▶ **WORK INSTRUCTION**
What is needed is an exact copy of the data below, pictures excluded.

▶ **SOURCE DATA**
++++

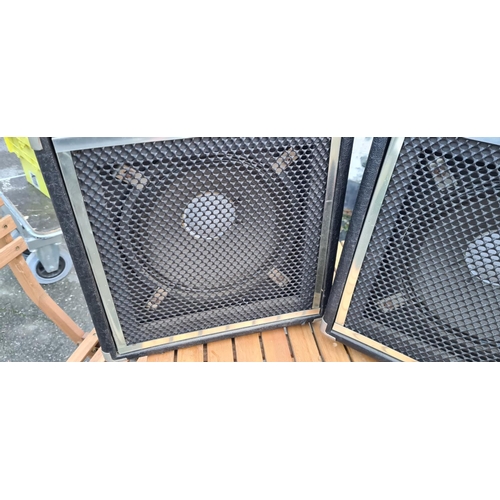 608 - Pair of Vintage Speakers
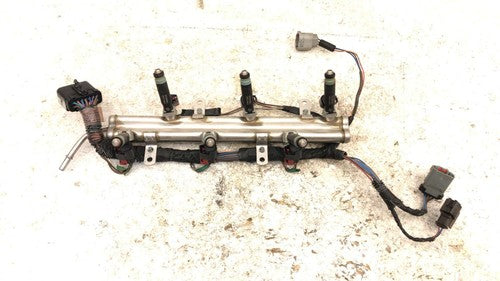 01-07 Town Country Complete Fuel Rail With Injectors Set Loaded Oem 3.8L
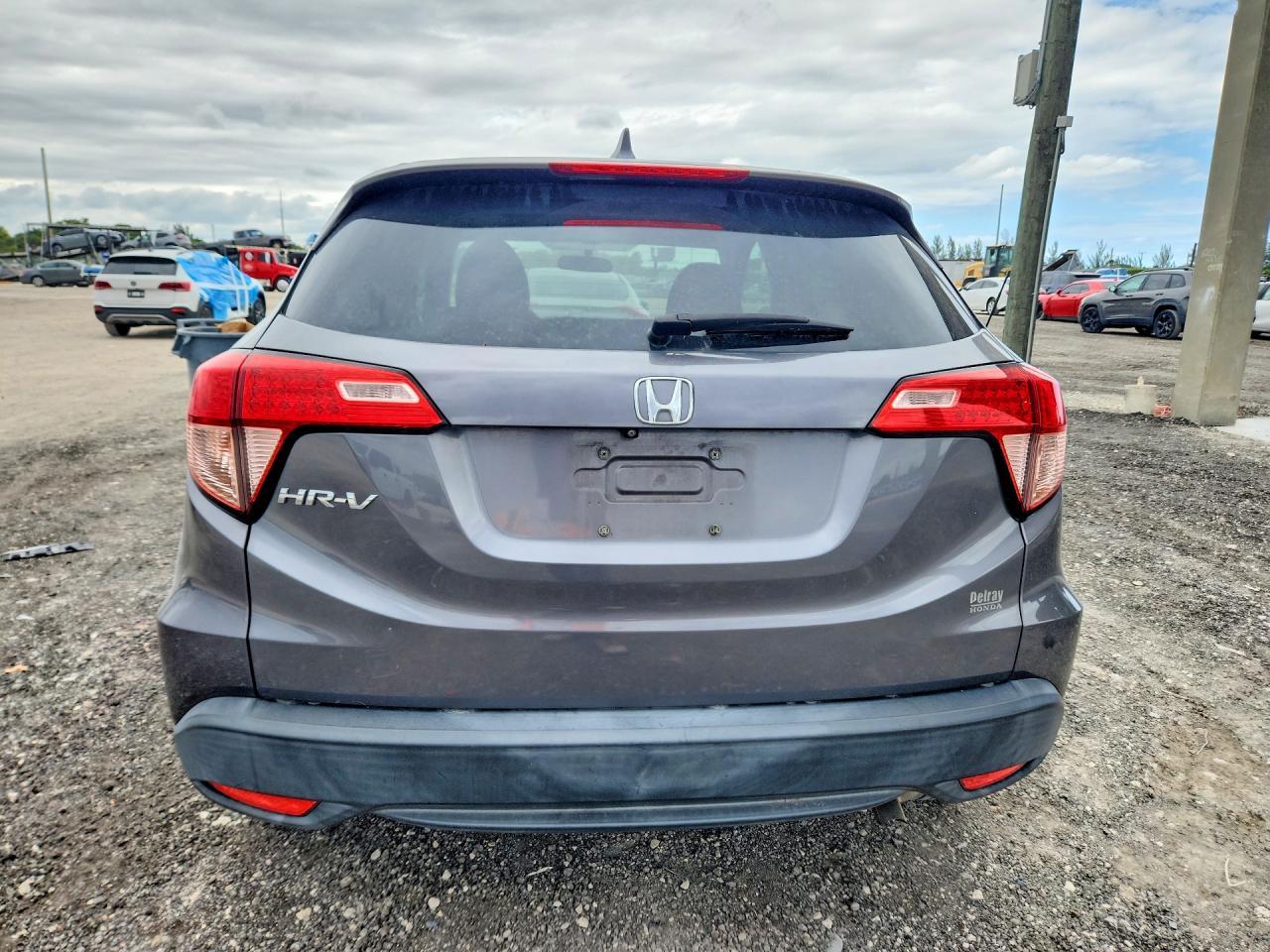 2016 HONDA HR-V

++++

▶ **EXERCISE RESPONSE**
 608 - Pair of Vintage Speakers
 01-07 Town Country Complete Fuel Rail With Injectors Set Loaded Oem 3.8L
 2016 HONDA HR-V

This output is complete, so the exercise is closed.